What are toxic moulds?
Current knowledge is that all mould is allergenic but some may produce toxins when under stress.
There are around 30 species of mould that are of concern although 5 are currently seen to be synergistic with regard to health impact.
When are toxic moulds most toxic?
Toxic mould is most harmful when dead and in fragments. The human body has no defence to microscopic fragments covered in toxins which can be inhaled to the lower respiratory system where blood oxygen transfer occurs in the alveoli. It’s as if their toxins and allergens are injected straight into the blood stream.
Can I DIY test for mould at home?
Yes and you will find it, always. Mould is ubiquitous and any form of surface or air sampling is likely to provide flawed results.
The WHO state agar and swabs have very serious limitations because of the following sampling and analysis errors;
- The air pathway from the source of mould and the aerodynamics of the spore will influence capture
- The type of agar will influence the type of mould that can grow on it
- You should take at least three samples on three different agars as a minimum
- Without speciation (most labs only provide genus not species) the results are almost meaningless
- Swabs suffer the same inaccuracies and you have to be lucky to swab the right area
- It is pointless swabbing visible mould, whatever its species it must be removed
In recent months I have seen self-testing using ERMI but whether you get a -4 or +10 score what does it mean to you? It simply means the number corresponds to a percentage of homes tested, not how sick the people in the homes were.
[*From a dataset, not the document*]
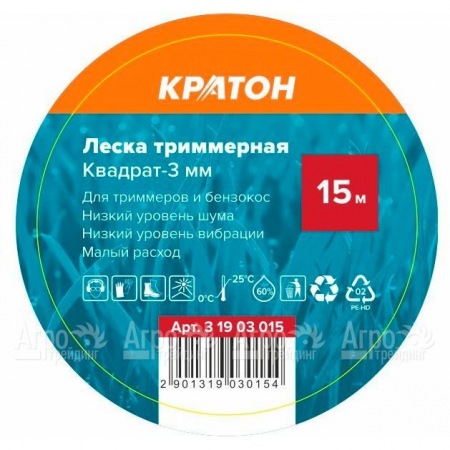 Леска триммерная Кратон Квадрат-3 мм  в Омске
In short a low ERMI score means absolutely nothing regarding health impact.
The reason mould levels are almost pointless is lab results require interpretation and most significantly a low score for some can be seen to have massive health implications while some can be exposed to high spore counts and suffer no health impact at all.
Viable or non-viable mould sampling?
Obviously only live mould will grow on a culture plate. Unfortunately according to WHO dead mould and mycelia fragments are perhaps 40 times more hazardous than viable spores. So what practical information can be gathered by culture based swabs and agar dishes?
Mycotoxins
Toxic mould produces various types of mycotoxins and these are recognised as some of the most toxic substances on the planet. If you have toxic mould growing you will probably be sick, but not from the mould growth but from sporulation and inhalation of spores and fragments which may be covered or contain mycotoxins.
The identification of mycotoxins is expensive and fraught with error. Even if you found high levels in blood or urine where else could it have originated from? Coffee, meat, grain, wheat? How much is harmful? There are no human exposure standards or guidance levels so what use is the information?